Press "Enter" to skip to content

Curated SQL Posts

Why Use SSDT?

Ed Elliott has a three-part series on database projects in SQL Server Data Tools.

Part 1:  What is SSDT?

The SSOX or SQL Server Object Explorer is a cool utility that lets you connect to a live database and do things to it like debug stored procedures or update individual objects. It also lets you see a view of you projects after all references have been resolved so if you use “Same Database” references you can see how your end project will end up – really useful.

Part 2:  Deploying projects

Using the DacServices via whatever method you want (schema compare, sqlpackage, powershell, something else?) really makes it simple to spend your time writing code and tests rather than manual migration steps. It constantly amazes me who well rounded the deployment side of things is.
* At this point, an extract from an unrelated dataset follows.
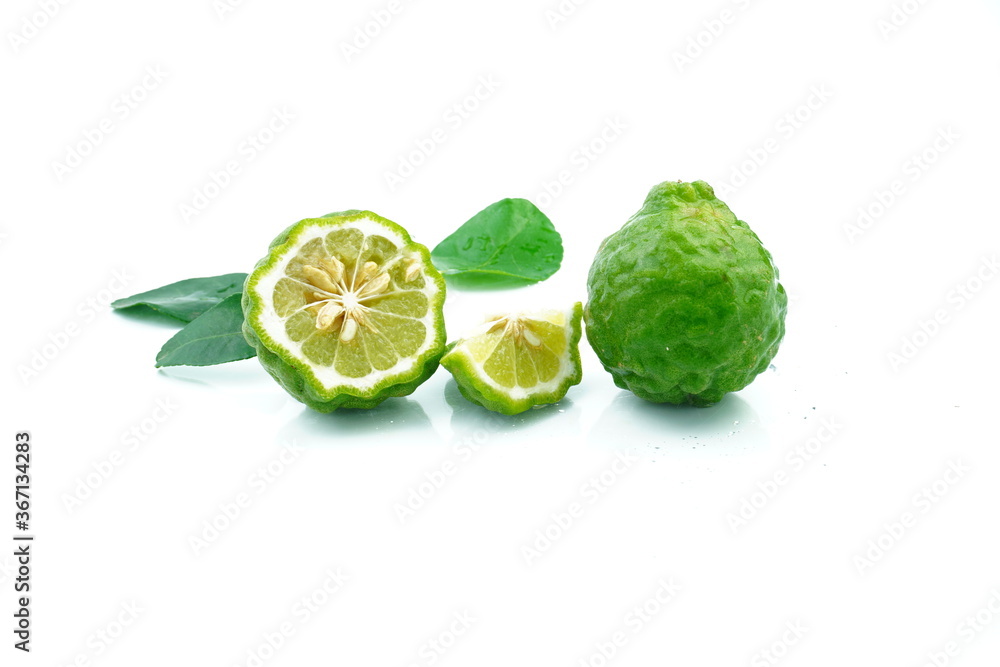 Fresh kaffir lime cut in half On a white background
Every time I use something obscure, something other than a table or procedure I half expect the deployment to fail but it just always works.
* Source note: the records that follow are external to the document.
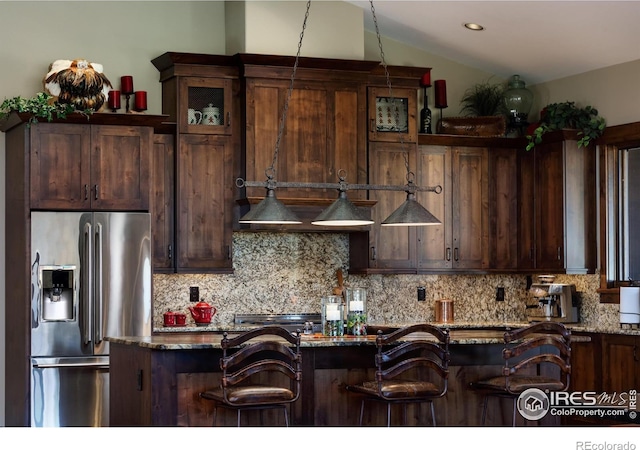 kitchen with light stone counters, decorative backsplash, stainless steel fridge with ice dispenser, and a breakfast bar area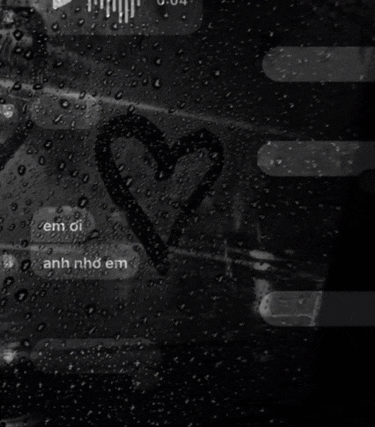 a black and white photo of a heart drawn on a glass
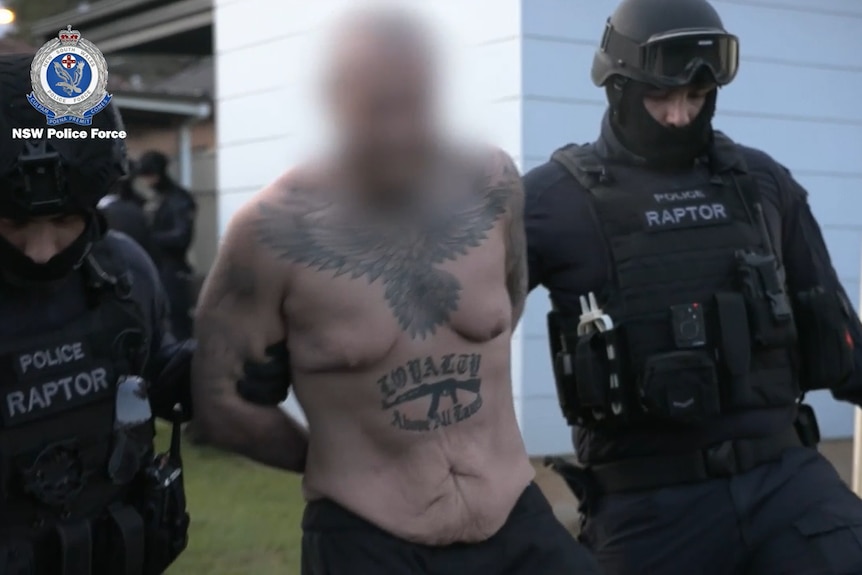 A shirtless man with his hands behind his back flanked by police in helmets and vests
Over the last couple of years I must have created hundreds if not thousands of builds all with their own release scripts across tens of databases in different environments and I haven’t yet been able to break the ssdt deployment bits without it acyually being my fault or something stupid like a merge that goes haywire (that’s one reason to have tests).

Part 3:  the .Net APIs

The ScriptDom has two ways to use it, the first is to pass it some T-SQL (be it DDL or DML) and it will return a representation of the T-SQL in objects which you can examine and do things to.

The second way it can be used is to take objects and create T-SQL.
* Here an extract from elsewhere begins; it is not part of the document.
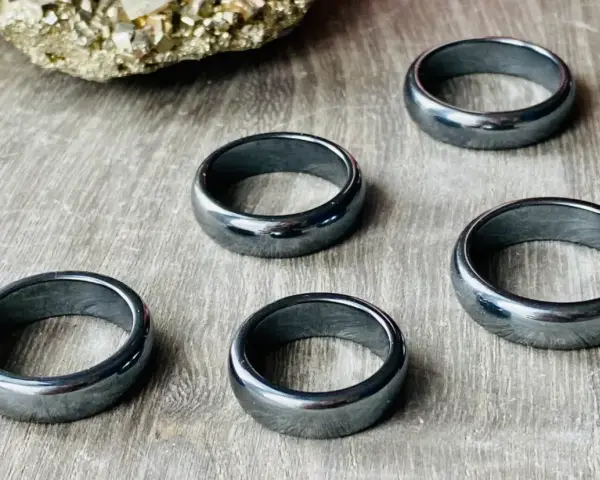 Pięć błyszczących, ciemnoszarych pierścionków. Jak rozpoznać hematyt? Ten kamień ma charakterystyczny metaliczny połysk i jest ciężki.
I know what you are thinking, why would I bother? It seems pretty pointless to me. Let me assure you that it is not pointless, the first time I used it for an actual issue was where I had a deployment script with about 70 tables in. For various reasons we couldn’t guarantee that the tables existed (some tables were moved into another database) the answer would have been to either split the tables into 2 files or manually wrap if exists around each table’s deploy script. Neither of these options were particularly appealing at the particular point in the project with the time we had to deliver.

This is a great series with a lot of informative links.

Comments closed

Always Encrypted

Warner Chaves has a video introducing Always Encrypted:

This is the big difference of this new feature, that the operations to encrypt/decrypt happen on the client NOT on SQL Server. That means that if your SQL Server is compromised, the key pieces to reveal the data are NOT with the server. This means that even if your DBA wants to see the data, if they don’t have access to the CLIENT application then they won’t be able to see the values.

Always Encrypted strikes me as something that will be incredibly useful for 2-3% of the population, somewhat painful for 3-5% of the population, and completely ignored by the rest.  I’m currently on the fence about whether, three years from now, I will consider “completely ignored by the rest” to be a shame.

Comments closed

Anglicize Values

Dave Mattingly shows an easy way to anglicize values:

If your customer’s name is “José” but you search for “Jose”, you won’t (by default) find him.

Here’s a simple way to take care of that in your SQL database, without changing the data that you have.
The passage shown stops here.